Possible Causes of Autism
To date, there is no accepted single cause of Autism, though there are numerous theories.
It is becoming apparent that:
- Autism is most probably caused by multiple factors interacting in complex ways (i.e. genes, environment and brain development).
- Autism is not etiologically homogeneous. That is, there are probably numerous sub-types of Autism each with differing etiologies. For example, there is evidence of a sub-group of children diagnosed with ASD (20-30%) who show skill regression between 18 – 24 months after apparently typical initial development (Lainhart et al, 2002) while other children diagnosed with ASD show consistently delayed development from the beginning.
Genetics have been shown to play a role but do not explain the full picture or the recent increase in diagnoses. Studies have shown that if one identical twin has the diagnosis, then there is a 60% chance that the other twin will develop Autism. This concordance is hardly ever seen with non-identical twins (Muhle et al, 2004). When a wider definition of the Autism spectrum is used, the probability rates jump to 92% for identical twins and 10% for non-identical twins (Muhle et al, 2004). The probability of receiving an ASD diagnosis when another sibling has already been diagnosed is estimated between 2 and 14%, a 10 to 20-fold increase over the general population incidence (Hertz-Picciotto et al, 2006). Extensive genetic studies have revealed hundreds of genes linked to autism. (Rylaarsdam and Guemez-Gamboa, 2019). ASD is now understood to be a disease of complex interaction between genetics and the environment, with heritability estimates ranging from 40 to 80% (Chaste and Leboyer, 2012).
Environmental Risk Factors For Autism
A 2017 article in The National Center for Biotechnology Information reported that the incidence of ASD diagnosis in the United States increased from 4-5 per 10,000 children in the 1980s to 30-60 per 10,000 in the 1990s, a ten-fold increase in as many years. According to the CDC’s Autism and Developmental Disabilities Monitoring (ADDM) Network, the prevalence of Autism in the United States increased from 1 in 150 children in 2000 to 1 in 54 children (1 in 37 boys, 1 in 151 girls) today. Although a portion of this increase is undoubtedly due to greater clinician awareness of the disorder and wider inclusion criteria, this cannot explain such a rapid and dramatic increase. More and more researchers are turning to environmental causes that contribute to autism as a central hypothesis.
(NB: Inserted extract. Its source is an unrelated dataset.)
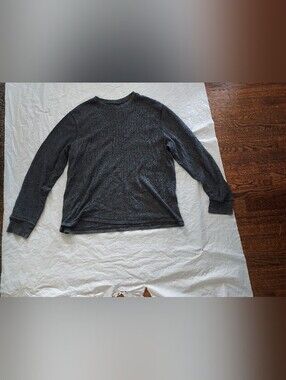 Faded Glory Men's Long Sleeve Crewneck Top - Charcoal Gray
Progress has been made toward understanding different environmental risk factors, and the clearest evidence involves events before and during birth, such as: advanced parental age at time of conception, prenatal exposure to air pollution, metals or certain pesticides, maternal nutrition, obesity, diabetes, or immune system disorders, extreme prematurity or very low birth weight, and any birth difficulty leading to periods of oxygen deprivation to the baby’s brain. However, these factors alone are unlikely to cause autism. Rather, they appear to increase a child’s risk for developing autism when combined with genetic factors. (National Institute of Environmental Health Sciences, 2021). There is also growing interest in the role of the immune system in Autism etiology, with the suggestion that certain chemicals (widely present in our environment) may be responsible for observed inflammation in the brains of some of those on the Autism spectrum.
It is widely accepted that atypical brain development underlies the development of the observable symptoms of Autism (see Autism Symptoms & Characteristics). How genes and the environment interact to cause the brain to begin developing differently is still being debated. What is clear is that these differences in brain development can be traced to either before birth or very soon after birth even though the behavioral and social signs of Autism tend not be observable until after 18 months of life. The exact nature of the brain differences is not clear either.
Studies have shown differential development in many brain areas including the frontal and temporal lobes, the cerebellum, and the sub-cortical amygdala and hippocampus (ex. Barnea-Goraly et al, 2014, Nordahl et al, 2020, Stoodley, 2014). Other studies point to the patterns of connectivity between and within brain areas as the issue (e.g. Courchesne and Pierce, 2005) rather than specific loci, while other researchers focus on specific types of neurons (e.g. mirror neurons) or patterns of neuronal activation (e.g. Bernier et al, 2007).
A 2014 study by neuroscientists at Columbia University Medical Center suggests that children affected by autism have a surplus of synapses, or connections between brain cells. Some children who are later diagnosed with autism also have excess cerebrospinal fluid — the liquid that surrounds the brain — compared with their non-autistic peers (Shen et al, 2018). A solid body of evidence suggests that white matter, the bundles of long neuron fibers that connect brain regions, is also altered in people with autism (Frazier et al, 2012, Thompson et al, 2020). However, scarcity of evidence, methodological challenges and conflicting findings have not yet allowed precise conclusions to be drawn about either the specific brain regions affected or the mechanism of development that lead to observed brain differences.
Due to the lack of consensus about what causes Autism, there is not yet any widely accepted medical treatment for Autism (although growing evidence for some bio-medical approaches, see Autism Treatment Options). However, there are other ways to help children and adults with Autism that are effective and have seen great successes – see Autism Treatment Options.